## WHAT THE EXERCISE ASKS
Reproduce, word for word, the lines in the material below starting with the one that has "Drag Racing Subaru" and going on through the one that has "Keramische pijpenstandaard met". Leave out all pictures.

## DATA SECTION
────────────────────────────────────────

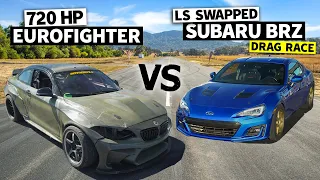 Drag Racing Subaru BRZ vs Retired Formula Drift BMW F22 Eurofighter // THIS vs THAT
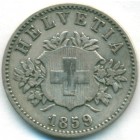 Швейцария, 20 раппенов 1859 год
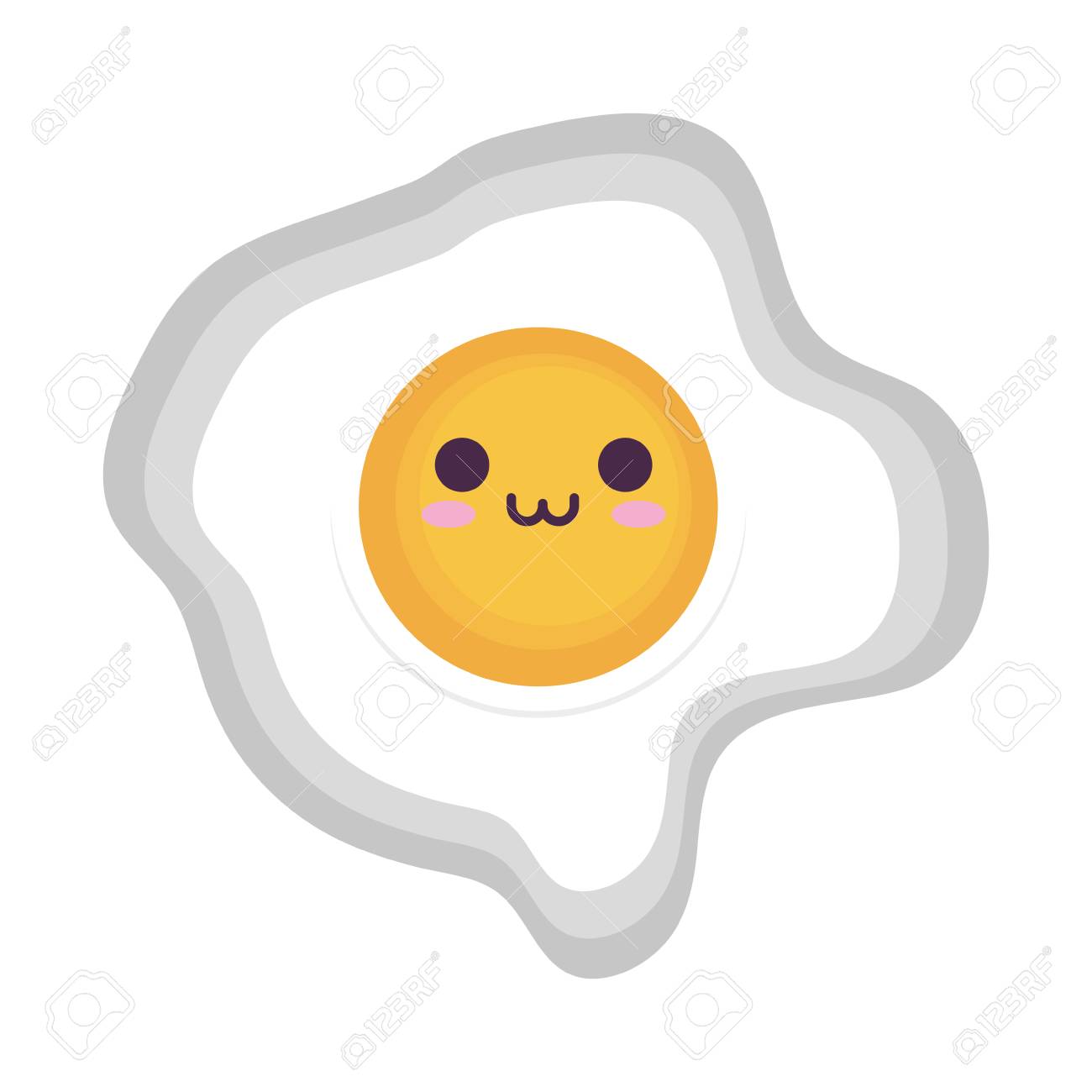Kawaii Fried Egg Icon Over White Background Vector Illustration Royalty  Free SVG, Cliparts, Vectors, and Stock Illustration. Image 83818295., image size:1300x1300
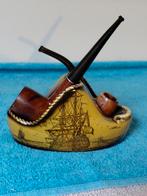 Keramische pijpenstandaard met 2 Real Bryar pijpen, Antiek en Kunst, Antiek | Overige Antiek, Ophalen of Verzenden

────────────────────────────────────────

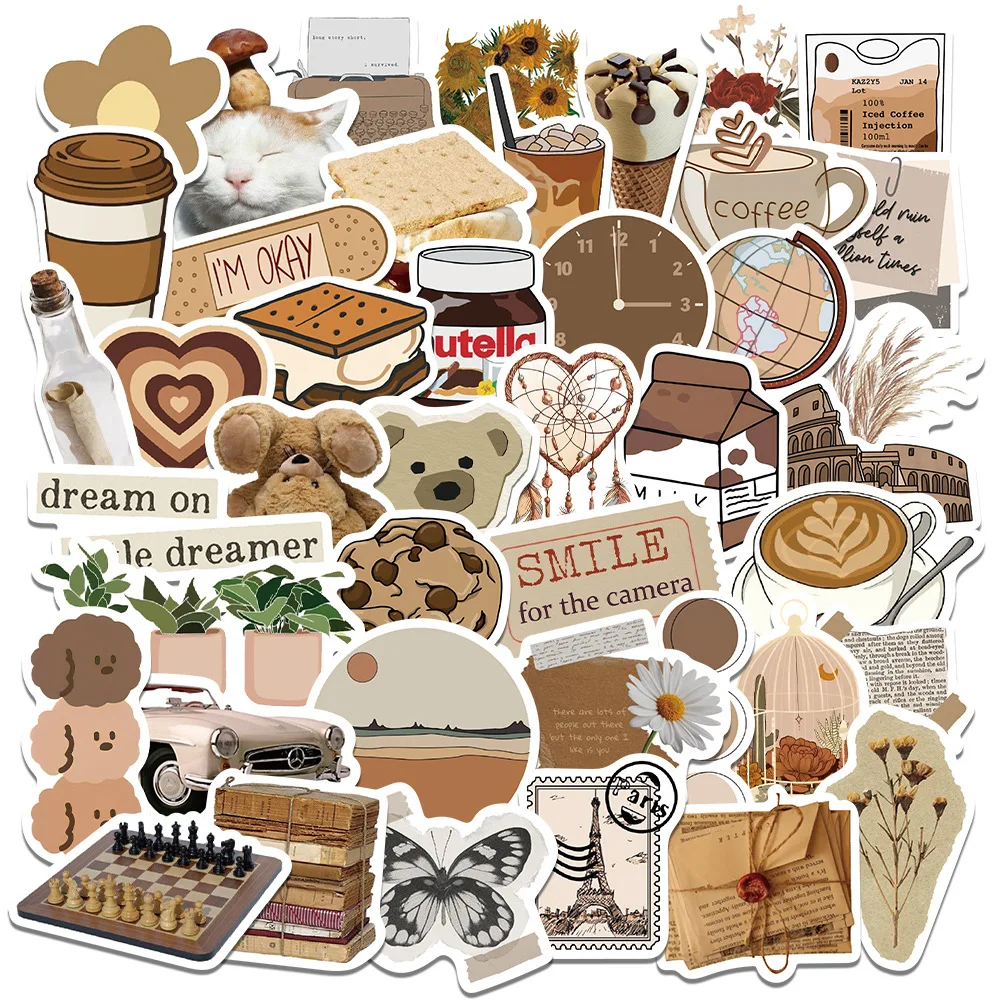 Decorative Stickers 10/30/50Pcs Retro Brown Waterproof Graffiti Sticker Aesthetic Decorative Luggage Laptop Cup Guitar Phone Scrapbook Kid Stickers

────────────────────────────────────────

## COMPLETED TASK
 Drag Racing Subaru BRZ vs Retired Formula Drift BMW F22 Eurofighter // THIS vs THAT
 Швейцария, 20 раппенов 1859 год
Kawaii Fried Egg Icon Over White Background Vector Illustration Royalty  Free SVG, Cliparts, Vectors, and Stock Illustration. Image 83818295., image size:1300x1300
 Keramische pijpenstandaard met 2 Real Bryar pijpen, Antiek en Kunst, Antiek | Overige Antiek, Ophalen of Verzenden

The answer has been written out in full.